Croatia’s coach is impressed by the performances the “Samurai Blue” have delivered so far in Qatar. Not least because Japan’s team initially trailed 1-0 in both games, but because then turned the games around within a few minutes. RB Leipzig’s Croatian defender Josko Gvardiol also warned: “I know the Japanese well, they are very dangerous. They fight until the end.”
In Japan, they are proud but modest: “We still have a lot to learn, but we are confident that Asian teams including Japan can beat the top teams in the world,” said head coach Hajime Moriyasu. “Also for Asia, the fact that we won against Germany and Spain, top countries in the world, gives us a lot of confidence.”
Japan and Croatia have already met twice at previous World Cups. At the 1998 tournament in France, the Croats won 1-0 thanks to a goal from Davor Suker in the group stage. Croatia went on to beat Germany in the quarterfinals and ended up finishing third. In 2006, the Croats and Japanese crossed paths again in the group stage, playing out a goalless draw. Even since then, Japanese football has made leaps in its development.
‘It’s not a miracle’
“I see a clear improvement,” agrees Daichi Kamada, who plays for Eintracht Frankfurt and won the Europa League with the club this year. “Many of our players are active in Europe, which is a great development. Currently, if you don’t play in Europe, it’s very hard to get into the World Cup squad,” he adds. In addition to Kamada, diminutive striker Ritsu Doan of Freiburg drew particular attention at the World Cup, scoring the all-important equalizers against Germany and Spain.

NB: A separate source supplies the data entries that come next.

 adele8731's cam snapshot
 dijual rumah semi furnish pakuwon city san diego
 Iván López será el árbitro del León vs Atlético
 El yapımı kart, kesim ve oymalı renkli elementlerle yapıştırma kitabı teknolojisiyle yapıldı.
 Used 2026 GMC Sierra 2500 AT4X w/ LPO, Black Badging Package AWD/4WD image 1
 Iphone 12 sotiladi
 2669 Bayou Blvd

The confidence of Doan and his teammates is now stronger than ever. “Everyone says it’s a miracle, but it’s not,” said scorer Ao Tanaka, who plays for Fortuna Düsseldorf in Germany’s second tier and scored the winning goal against Spain. “We deserve this. We played more aggressively in the second half and won that way.” Midfielder Takefusa Kubo saw it similarly: “You are surprised? We are not! You have to take Asian soccer seriously.”

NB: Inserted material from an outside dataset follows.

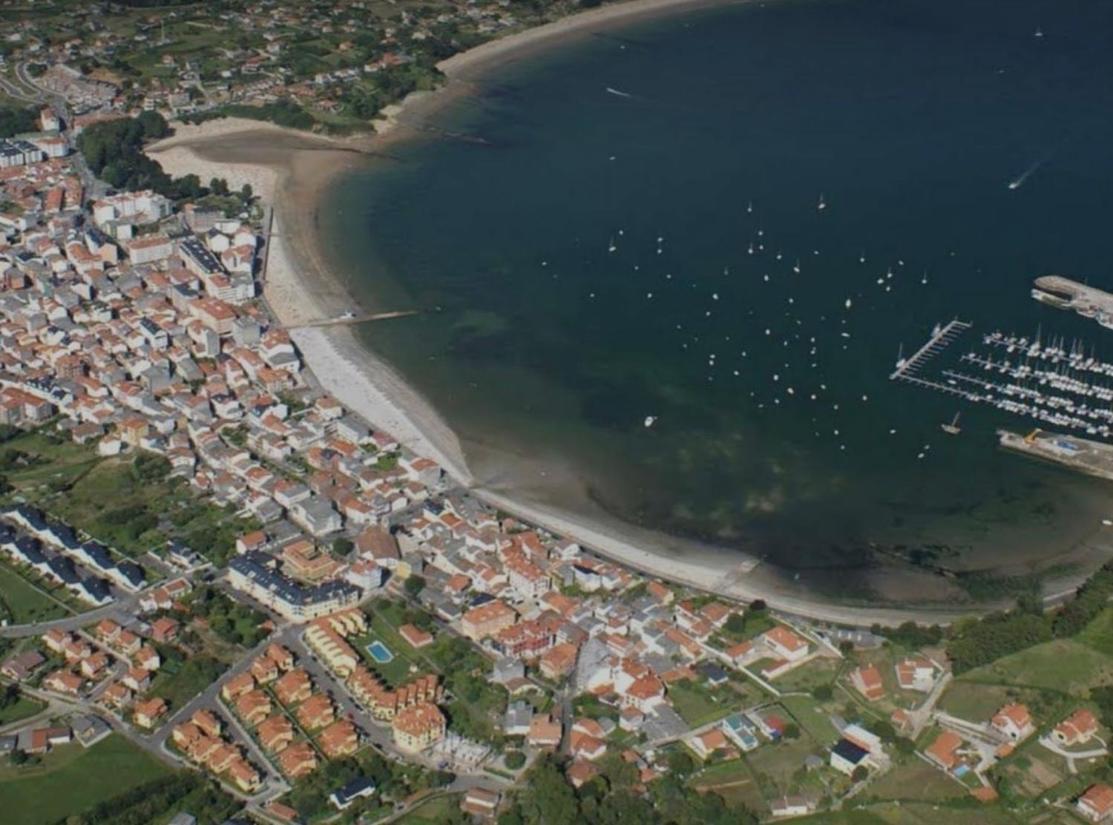 Apartamento Con Terraza,2 Min De La Playa, Ares Luaran gambar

South Korea spark enthusiasm at home
That also rings true in the case of South Korea. With a dramatic late goal against Portugal, the “Taeguk Warriors” secured a 2-1 victory and moved up to second place in the Group H standings. Back home, this sparked a mix of enthusiasm and astonishment. “The players and the support staff have greatly impressed the people of this country with their fighting spirit and passion,” South Korean President Yoon Suk Yeol Yoon wrote in a congratulatory message on social media. He said he hoped that the potential of South Korean soccer would be shown beyond victory or defeat.

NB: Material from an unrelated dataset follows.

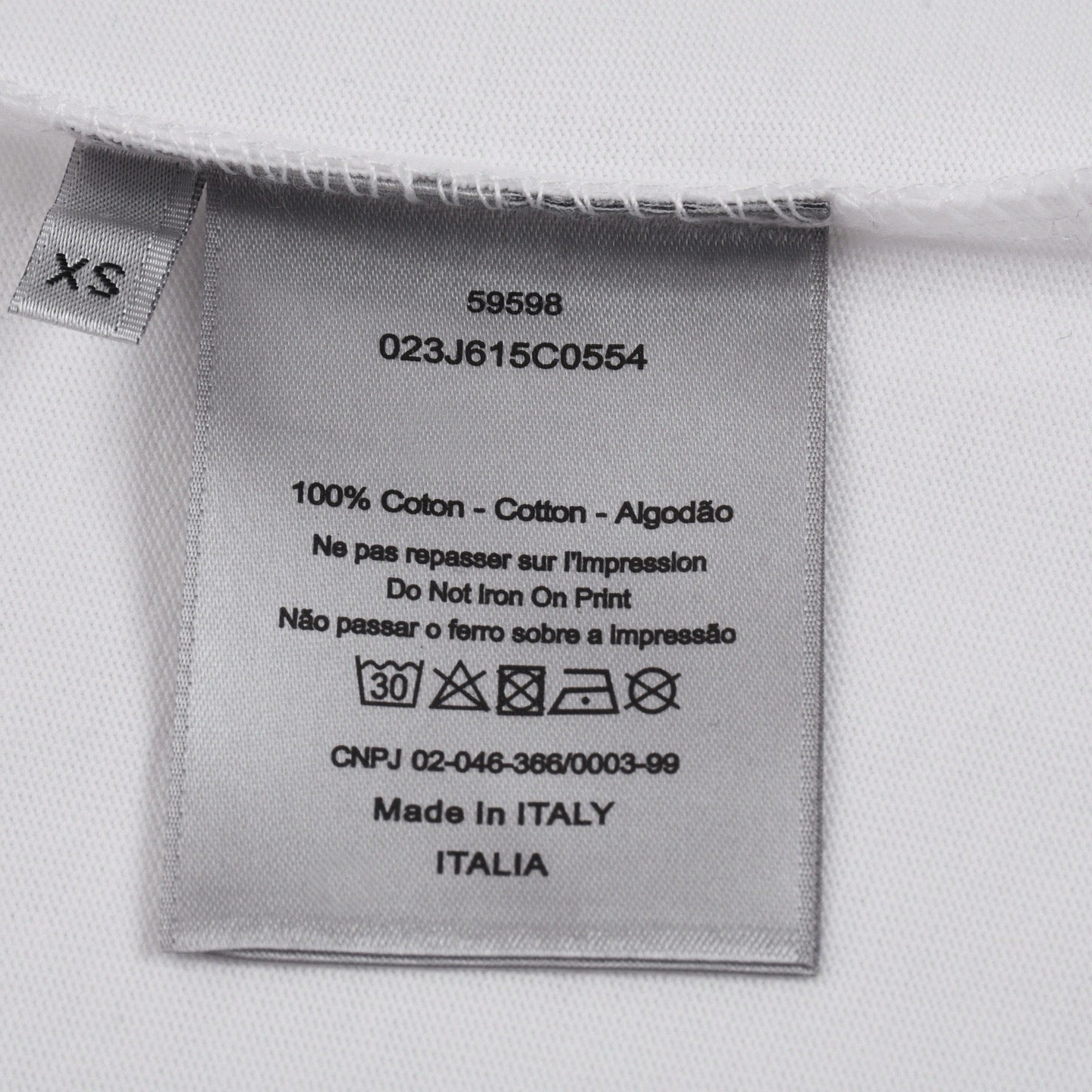 Schwarz-weißes T-Shirt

The team have impressively reached the last 16 which was met by the headline “Miracle of Qatar” in the “Dong-A Ilbo” newspaper after they left Uruguay and Ghana in their wake. This Korean team’s qualities have been known since they knocked Germany out in 2018 tournament in their final group game: disciplined, technically high quality with a willingness to run until the end.
The team has been one of the best and most consistent in Asia for decades. The only surprise is that despite their class, the South Koreans have not been able to win the Asian Cup more often. Their two continental titles date back to 1956 and 1960, but South Korea has been a permanent fixture at World Cups since 1986. Although they were often eliminated in the group stage at the finals, they finished third at their home World Cup in 2002 and reached the round of 16 in South Africa in 2010.
Son hoping for ‘another miracle’
However, there is no question of them being outsiders when they face Brazil, who hope to have Neymar back from an ankle injury. South Korea have a superstar of their own who is also no stranger to Germany: Heung-min Son, who has been playing for Tottenham Hotspur in the Premier League since 2015, joined Hamburg as a 16-year-old in 2008, before departing for Bayer Leverkusen in 2013 for two seasons.
Son is somewhat emblematic of the South Koreans’ “resurrection” in Qatar. After the 0-0 draw against Uruguay in the opener and the subsequent 3-2 defeat against Ghana, Son was criticized for his rather poor performances. He shed tears of joy after the last-gasp win over Uruguay, where he provided the assist for the winning goal. “This is great, but the tournament is not over yet,” Son said. “I hope we can pull off another miracle.”